Sobre o tema, tem-se a Súmula 393 do Superior Tribunal de Justiça, que estabelece que "A exceção de pré-executividade é admissível na execução fiscal relativamente às matérias conhecíveis de ofício que não demandem dilação probatória".
Nulidade da CDA
Em análise dos autos, observo que a CDA que instruiu a inicial está em consonância com o art. 3º da LEF, não logrando o excipiente êxito em apresentar prova inequívoca capaz de ilidir a presunção de legalidade de que a mesma se reveste, pelo que afasto a nulidade suscitada quanto ao ponto.

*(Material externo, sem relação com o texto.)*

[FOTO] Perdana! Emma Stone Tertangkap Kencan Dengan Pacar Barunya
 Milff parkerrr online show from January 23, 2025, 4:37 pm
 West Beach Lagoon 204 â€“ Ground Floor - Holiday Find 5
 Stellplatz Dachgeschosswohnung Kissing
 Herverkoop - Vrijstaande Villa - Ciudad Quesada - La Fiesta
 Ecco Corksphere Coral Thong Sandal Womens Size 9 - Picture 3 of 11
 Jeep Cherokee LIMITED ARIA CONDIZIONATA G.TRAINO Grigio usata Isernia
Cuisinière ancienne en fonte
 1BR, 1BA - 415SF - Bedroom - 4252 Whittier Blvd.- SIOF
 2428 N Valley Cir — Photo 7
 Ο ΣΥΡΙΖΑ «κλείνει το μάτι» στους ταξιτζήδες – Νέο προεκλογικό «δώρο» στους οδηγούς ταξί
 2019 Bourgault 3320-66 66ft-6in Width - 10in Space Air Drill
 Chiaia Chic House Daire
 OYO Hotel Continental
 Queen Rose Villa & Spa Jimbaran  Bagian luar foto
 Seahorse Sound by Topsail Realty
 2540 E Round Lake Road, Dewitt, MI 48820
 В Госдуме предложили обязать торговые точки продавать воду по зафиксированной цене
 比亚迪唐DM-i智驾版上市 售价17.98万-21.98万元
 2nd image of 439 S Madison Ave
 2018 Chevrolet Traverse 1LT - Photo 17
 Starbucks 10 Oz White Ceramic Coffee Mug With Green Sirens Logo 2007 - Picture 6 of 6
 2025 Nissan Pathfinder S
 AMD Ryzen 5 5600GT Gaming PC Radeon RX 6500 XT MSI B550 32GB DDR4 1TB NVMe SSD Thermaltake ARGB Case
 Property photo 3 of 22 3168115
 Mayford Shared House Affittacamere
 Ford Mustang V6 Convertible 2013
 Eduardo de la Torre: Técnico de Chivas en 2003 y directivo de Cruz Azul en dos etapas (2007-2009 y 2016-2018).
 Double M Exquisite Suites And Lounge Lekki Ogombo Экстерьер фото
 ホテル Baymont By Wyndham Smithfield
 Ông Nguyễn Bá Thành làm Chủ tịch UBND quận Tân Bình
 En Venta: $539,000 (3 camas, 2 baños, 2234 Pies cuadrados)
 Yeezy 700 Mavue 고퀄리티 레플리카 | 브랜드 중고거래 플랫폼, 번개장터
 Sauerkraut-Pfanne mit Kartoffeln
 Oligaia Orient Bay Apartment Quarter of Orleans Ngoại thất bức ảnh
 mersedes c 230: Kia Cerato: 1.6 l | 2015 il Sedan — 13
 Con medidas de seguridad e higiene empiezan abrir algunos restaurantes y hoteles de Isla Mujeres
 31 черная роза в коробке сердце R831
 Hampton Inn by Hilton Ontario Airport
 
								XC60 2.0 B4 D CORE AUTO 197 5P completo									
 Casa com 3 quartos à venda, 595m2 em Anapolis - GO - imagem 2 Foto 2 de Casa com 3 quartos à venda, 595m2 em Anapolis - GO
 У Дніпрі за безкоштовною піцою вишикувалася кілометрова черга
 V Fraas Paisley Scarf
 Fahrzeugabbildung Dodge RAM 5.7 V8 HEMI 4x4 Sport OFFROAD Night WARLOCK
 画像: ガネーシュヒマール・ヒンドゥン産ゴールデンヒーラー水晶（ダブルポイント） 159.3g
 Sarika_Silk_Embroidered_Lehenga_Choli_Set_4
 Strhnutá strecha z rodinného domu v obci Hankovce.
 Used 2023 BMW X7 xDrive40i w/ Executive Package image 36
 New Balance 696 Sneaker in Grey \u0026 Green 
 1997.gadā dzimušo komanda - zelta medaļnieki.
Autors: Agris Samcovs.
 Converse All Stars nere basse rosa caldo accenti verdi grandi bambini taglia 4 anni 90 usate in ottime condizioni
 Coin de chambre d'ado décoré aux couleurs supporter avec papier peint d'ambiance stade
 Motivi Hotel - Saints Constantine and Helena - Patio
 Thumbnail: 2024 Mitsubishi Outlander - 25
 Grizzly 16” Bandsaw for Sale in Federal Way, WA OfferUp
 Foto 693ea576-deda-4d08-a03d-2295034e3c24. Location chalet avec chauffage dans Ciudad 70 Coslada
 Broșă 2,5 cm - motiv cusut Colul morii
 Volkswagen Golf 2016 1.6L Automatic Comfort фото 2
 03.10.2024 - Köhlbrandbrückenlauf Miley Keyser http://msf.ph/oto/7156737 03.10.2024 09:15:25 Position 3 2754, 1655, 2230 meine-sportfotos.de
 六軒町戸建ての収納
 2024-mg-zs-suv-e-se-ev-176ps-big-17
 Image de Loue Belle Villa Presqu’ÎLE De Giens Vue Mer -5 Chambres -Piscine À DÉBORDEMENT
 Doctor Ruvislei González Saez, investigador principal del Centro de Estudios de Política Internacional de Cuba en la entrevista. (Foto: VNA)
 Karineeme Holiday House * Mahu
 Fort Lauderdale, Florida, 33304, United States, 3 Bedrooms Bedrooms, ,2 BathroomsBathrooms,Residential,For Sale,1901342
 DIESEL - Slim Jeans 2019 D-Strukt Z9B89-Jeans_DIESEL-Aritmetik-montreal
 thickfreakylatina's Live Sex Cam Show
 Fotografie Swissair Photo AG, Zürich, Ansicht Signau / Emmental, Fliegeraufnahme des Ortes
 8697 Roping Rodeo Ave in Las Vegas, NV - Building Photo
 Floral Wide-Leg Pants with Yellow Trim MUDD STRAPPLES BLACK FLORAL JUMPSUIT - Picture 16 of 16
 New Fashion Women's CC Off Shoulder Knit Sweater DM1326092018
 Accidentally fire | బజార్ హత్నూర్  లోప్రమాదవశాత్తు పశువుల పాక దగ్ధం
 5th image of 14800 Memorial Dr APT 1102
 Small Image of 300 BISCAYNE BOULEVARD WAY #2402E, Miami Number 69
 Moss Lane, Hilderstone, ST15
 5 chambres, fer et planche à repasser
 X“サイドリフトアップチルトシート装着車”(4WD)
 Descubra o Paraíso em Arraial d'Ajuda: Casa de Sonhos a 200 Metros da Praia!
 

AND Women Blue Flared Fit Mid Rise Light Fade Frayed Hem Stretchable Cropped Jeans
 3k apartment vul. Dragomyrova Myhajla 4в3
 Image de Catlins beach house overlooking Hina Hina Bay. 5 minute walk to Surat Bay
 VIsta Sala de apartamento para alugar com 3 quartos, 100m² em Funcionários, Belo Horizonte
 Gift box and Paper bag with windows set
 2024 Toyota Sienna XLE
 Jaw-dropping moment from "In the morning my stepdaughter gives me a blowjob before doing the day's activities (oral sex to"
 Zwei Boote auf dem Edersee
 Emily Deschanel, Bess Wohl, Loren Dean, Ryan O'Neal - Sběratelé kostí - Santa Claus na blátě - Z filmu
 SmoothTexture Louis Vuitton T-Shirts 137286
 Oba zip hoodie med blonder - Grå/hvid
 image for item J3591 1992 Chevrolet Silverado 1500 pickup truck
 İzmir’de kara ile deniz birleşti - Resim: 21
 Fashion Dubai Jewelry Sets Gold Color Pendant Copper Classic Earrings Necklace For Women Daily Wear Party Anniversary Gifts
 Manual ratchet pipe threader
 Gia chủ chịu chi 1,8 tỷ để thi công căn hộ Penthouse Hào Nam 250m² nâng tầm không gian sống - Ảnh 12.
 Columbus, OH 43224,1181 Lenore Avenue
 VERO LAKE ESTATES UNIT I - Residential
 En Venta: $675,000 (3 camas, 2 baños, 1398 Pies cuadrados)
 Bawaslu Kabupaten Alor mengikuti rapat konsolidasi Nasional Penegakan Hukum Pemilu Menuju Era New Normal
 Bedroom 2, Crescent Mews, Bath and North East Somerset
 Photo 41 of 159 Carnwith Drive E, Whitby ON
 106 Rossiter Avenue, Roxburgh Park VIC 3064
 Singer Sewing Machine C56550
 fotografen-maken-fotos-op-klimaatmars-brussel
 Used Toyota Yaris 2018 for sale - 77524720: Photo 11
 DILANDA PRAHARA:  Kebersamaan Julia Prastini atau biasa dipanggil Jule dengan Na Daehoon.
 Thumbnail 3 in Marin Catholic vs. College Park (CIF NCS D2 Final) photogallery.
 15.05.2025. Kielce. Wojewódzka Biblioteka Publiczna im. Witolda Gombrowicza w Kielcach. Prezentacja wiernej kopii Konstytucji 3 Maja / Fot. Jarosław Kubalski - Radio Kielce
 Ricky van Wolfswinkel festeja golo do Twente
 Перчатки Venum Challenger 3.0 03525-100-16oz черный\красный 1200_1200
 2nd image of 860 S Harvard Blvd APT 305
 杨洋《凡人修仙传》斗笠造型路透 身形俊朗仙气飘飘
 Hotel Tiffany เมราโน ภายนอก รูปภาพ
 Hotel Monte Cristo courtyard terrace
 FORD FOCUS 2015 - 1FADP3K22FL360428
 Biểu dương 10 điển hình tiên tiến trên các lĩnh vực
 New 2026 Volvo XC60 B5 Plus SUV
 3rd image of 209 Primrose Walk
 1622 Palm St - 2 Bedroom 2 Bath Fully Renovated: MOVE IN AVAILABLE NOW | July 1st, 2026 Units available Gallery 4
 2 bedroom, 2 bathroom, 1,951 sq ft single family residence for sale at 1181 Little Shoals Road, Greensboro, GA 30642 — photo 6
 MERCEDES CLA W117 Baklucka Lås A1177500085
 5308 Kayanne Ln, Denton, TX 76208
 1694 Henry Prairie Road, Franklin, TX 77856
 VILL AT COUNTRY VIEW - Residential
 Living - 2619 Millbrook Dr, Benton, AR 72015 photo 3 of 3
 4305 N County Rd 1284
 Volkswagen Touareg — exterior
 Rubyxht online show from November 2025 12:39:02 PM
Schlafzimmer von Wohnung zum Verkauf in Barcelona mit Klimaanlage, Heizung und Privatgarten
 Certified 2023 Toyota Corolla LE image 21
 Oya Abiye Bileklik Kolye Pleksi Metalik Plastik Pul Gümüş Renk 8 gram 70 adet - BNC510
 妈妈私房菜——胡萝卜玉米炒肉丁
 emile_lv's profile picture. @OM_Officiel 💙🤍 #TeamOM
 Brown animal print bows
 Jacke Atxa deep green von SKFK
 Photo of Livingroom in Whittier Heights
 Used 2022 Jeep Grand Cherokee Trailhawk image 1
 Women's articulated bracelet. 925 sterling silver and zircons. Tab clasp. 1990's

Registre-se a desnecessidade de apresentação do processo administrativo em conjunto com a inicial de execução fiscal, uma vez que não existe exigência legal nesse sentido, como se infere do art. 6º da Lei 6.830/80. Saliento que sua requisição, prevista no art. 41 da LEF, somente tem lugar quando for alegada na inicial alguma ilegalidade concreta em seu desenvolvimento e não para simples consulta de seu teor.
Diante do exposto, REJEITO A EXCEÇÃO DE PRÉ-EXECUTIVIDADE.
2. No entanto, fica ciente o executado que, caso queira, poderá formular proposta de adesão à transação tributária dos débitos ora executados pelo portal Regularize, da PGFN (https://www.regularize.pgfn.gov.br).
3. Suspendo do curso da presente execução fiscal, conforme dispõe o art. 40 da L. 6830/80, pelo prazo de um ano.
Caso seja requerido sobrestamento do feito por qualquer outro prazo, sem previsão legal, mantenha-se o feito suspenso na forma determinada no 1º parágrafo.
Findo o anuênio ora assinalado, arquivem-se imediatamente os autos sem baixa na distribuição, com fulcro no § 2º do art. 40 da Lei 6.830/80, tendo em vista a suspensão já realizada.
Decorrido o prazo prescricional intercorrente, cuja contagem deverá iniciar-se a partir da data do término do período suspensivo (cf. Súmula 314 do STJ), remetam-se os autos à parte exequente para manifestar-se acerca da ocorrência da prescrição intercorrente e relatar eventuais causas suspensivas ou interruptivas, na forma do § 4º do art. 40, da Lei nº 6.830/80.